* Goal of the exercise: Copy out exactly the lines spanning the line with "1590B 115x65x35mm Aluminum" to the line with "Croissant MM Shoulder", inclusive, from the data underneath, with no pictures.

* Recorded data:
=== Begin Enclosure ===
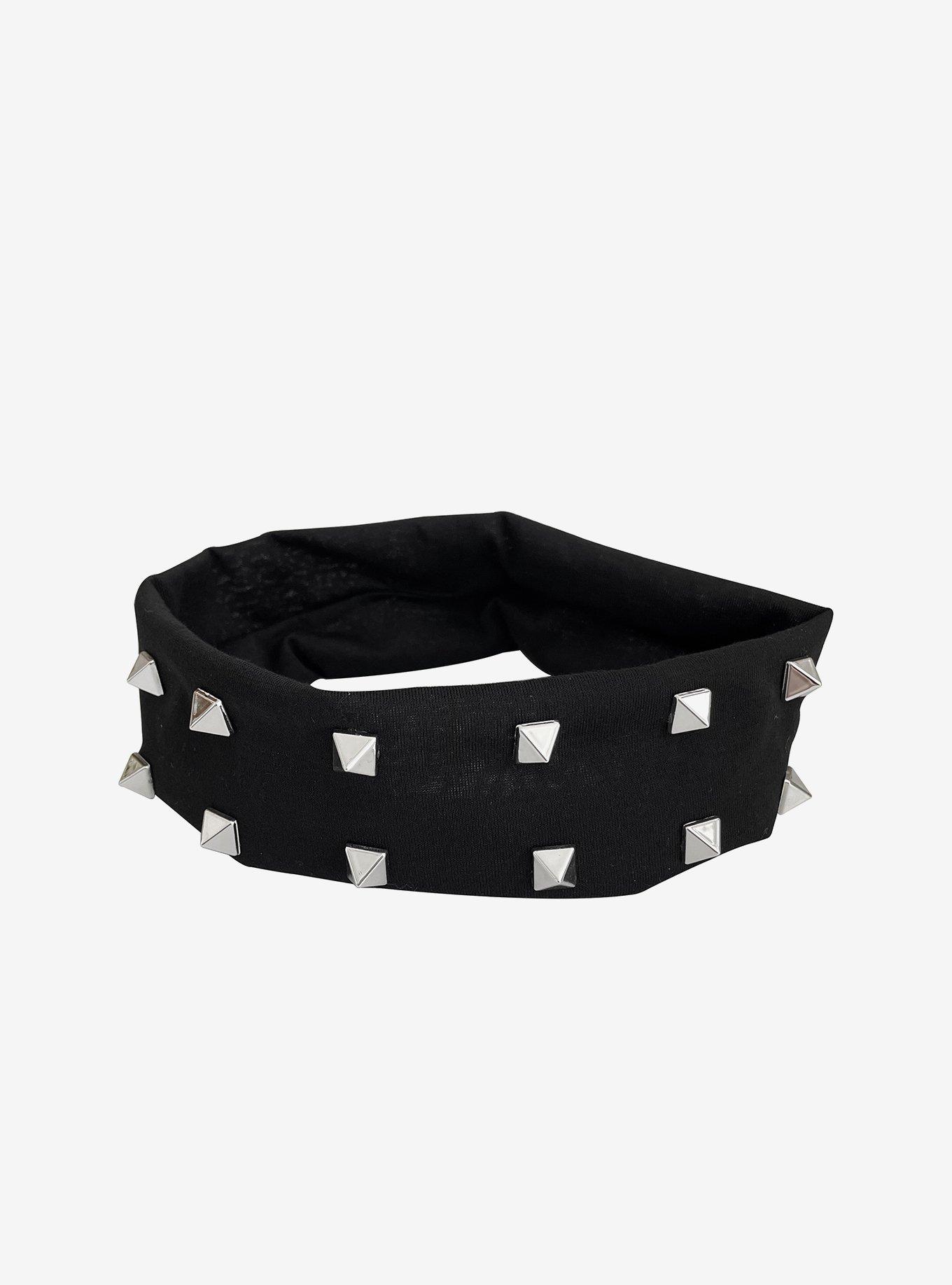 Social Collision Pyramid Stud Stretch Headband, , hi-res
=== End Enclosure ===
=== Begin Enclosure ===
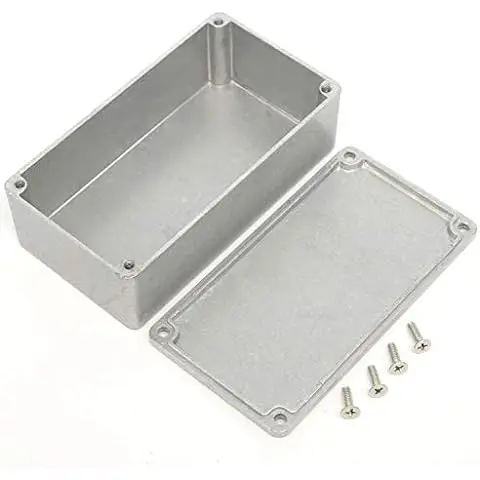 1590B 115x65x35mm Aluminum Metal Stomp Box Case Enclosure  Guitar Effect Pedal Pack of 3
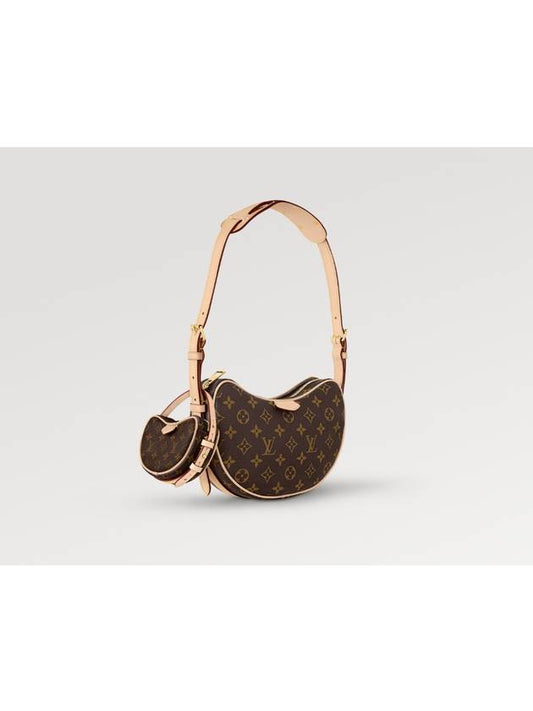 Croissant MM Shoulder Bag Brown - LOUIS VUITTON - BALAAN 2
=== End Enclosure ===
* Response for this exercise:
 1590B 115x65x35mm Aluminum Metal Stomp Box Case Enclosure  Guitar Effect Pedal Pack of 3
 Croissant MM Shoulder Bag Brown - LOUIS VUITTON - BALAAN 2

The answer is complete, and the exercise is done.